The number of bankers in the European Union paid more than a million euro a year rose in 2017 to nearly 5,000, even after regulators capped bonuses.

Most of them were based in Britain, according to data from the European Banking Authority (EBA). However, as that country is due to leave the bloc at the end of this month some highly-paid bankers are expected to move to new hubs in Ireland and on the continent.

The EBA said yesterday that 4,859 bankers were paid more than a million euro in 2017, including bonuses, up from 4,597 in 2016.

After taxpayers bailed out lenders during the financial crisis a decade ago, the EU capped bonuses from 2014 to no more than basic salary, or twice that amount with shareholder approval.

In Ireland, stricter pay restrictions - including a salary cap of €500,000 for most bankers - applies at the bailed-out banks.
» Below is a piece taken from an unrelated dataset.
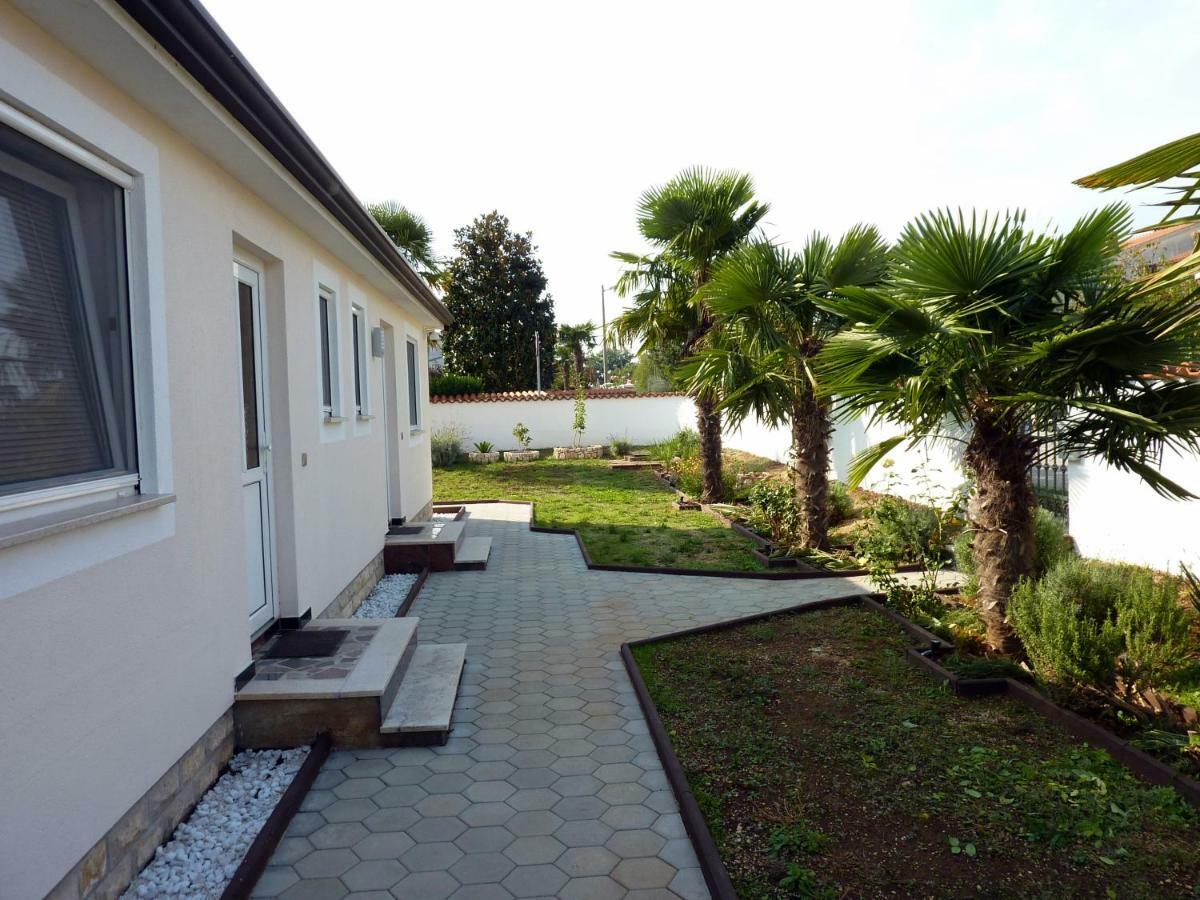 Palme Βίλα Πόρετς Εξωτερικό φωτογραφία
EBA said the average ratio of variable to fixed pay for the high earners continues to fall, down from 104pc in 2016 to 101.08pc in 2017 as the cap bites. It was 123pc in 2014 and 118pc in 2015.

The higher earners were predominantly based in Britain, totalling 3,567 in 2017 or 73.3pc - 38 more than in 2016. Germany had 390 in 2017, Italy 201, France 233, and Spain 161.
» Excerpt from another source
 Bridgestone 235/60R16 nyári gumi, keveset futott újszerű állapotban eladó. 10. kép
Many big London-based banks have since opened new hubs elsewhere in the European Union in preparation for business after Brexit.

Britain had opposed the introduction of the bonus cap, saying it would prompt banks to blunt its impact by raising basic pay, making it harder for lenders to cut costs in a market downturn. EU financial rules have been embedded into UK law as part of preparations for Brexit on March 29.

Bank of England Governor Mark Carney has hinted that the bonus cap could be among the bloc's rules that are reviewed by the UK in future, but not at the risk of damaging overall resilience in the sector.

As bankers come under pressure to rein in bonuses, asset managers are escaping the full impact of the cap.

The EBA said that in the banks' business area of asset management, the average ratio of variable to fixed remuneration increased from 358pc in 2016 to 402pc in 2017, still far exceeding the maximum ratio of 200pc.

"Several member states allow the application of waivers for staff in this business area, although CRD IV (EU bank capital rules) does not explicitly provide for this possibility," the EBA said in its review.